**EXERCISE PROMPT**
Leave out every picture, and output exactly the lines from the line containing "4-Ingredient Cheesy Beef Biscuit Bake" through the last line of the data.
· · · ·
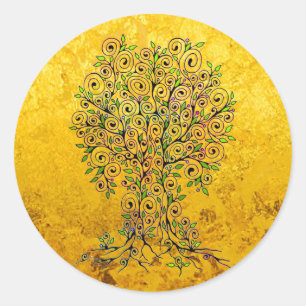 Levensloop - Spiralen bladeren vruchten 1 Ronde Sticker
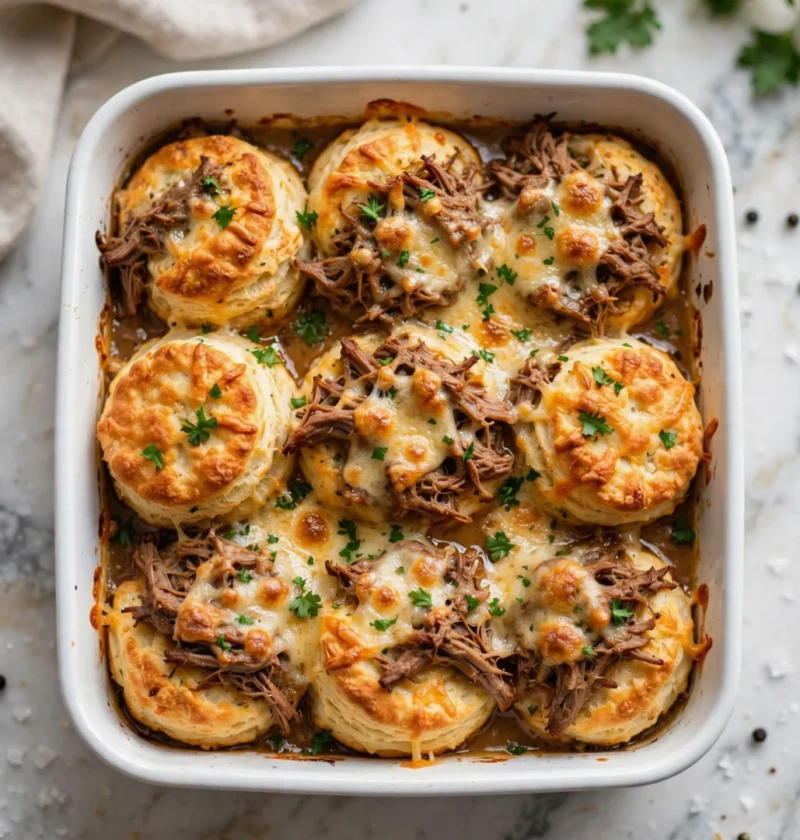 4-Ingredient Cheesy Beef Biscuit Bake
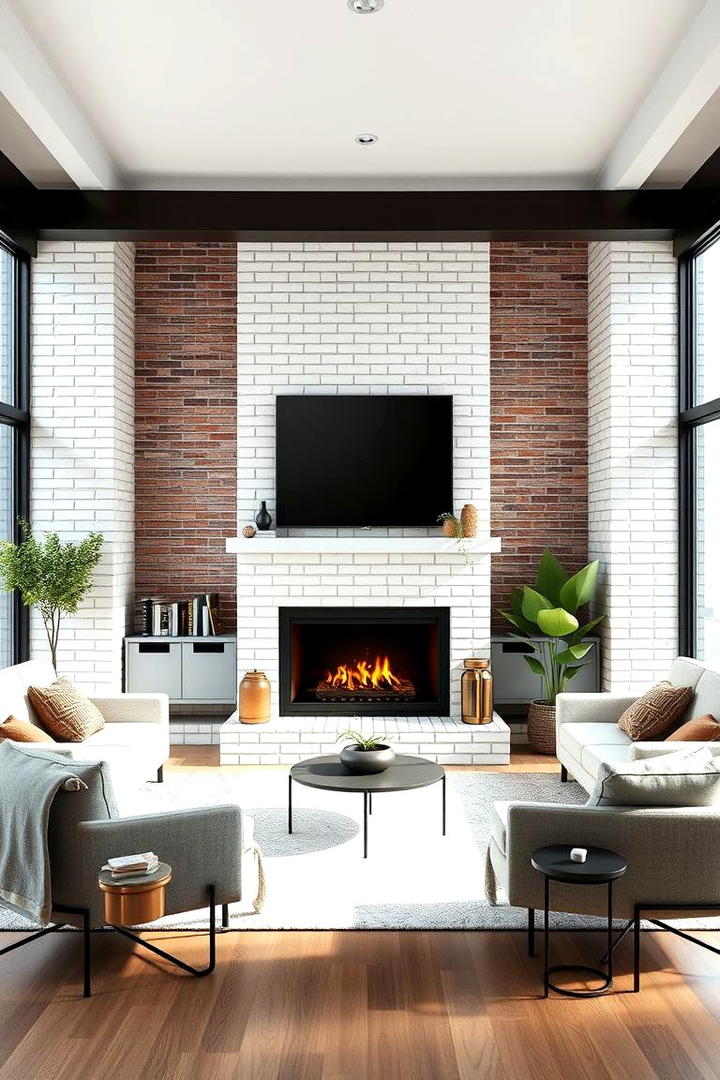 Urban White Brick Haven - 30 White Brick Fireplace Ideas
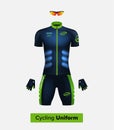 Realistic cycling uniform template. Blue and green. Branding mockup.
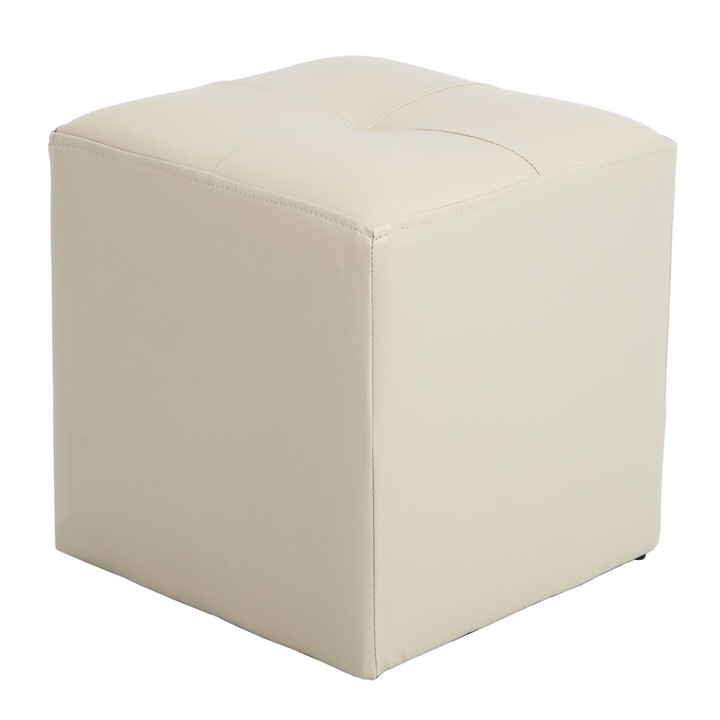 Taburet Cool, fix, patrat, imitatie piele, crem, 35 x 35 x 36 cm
· · · ·
**ANSWER AREA**
 4-Ingredient Cheesy Beef Biscuit Bake
 Urban White Brick Haven - 30 White Brick Fireplace Ideas
 Realistic cycling uniform template. Blue and green. Branding mockup.
 Taburet Cool, fix, patrat, imitatie piele, crem, 35 x 35 x 36 cm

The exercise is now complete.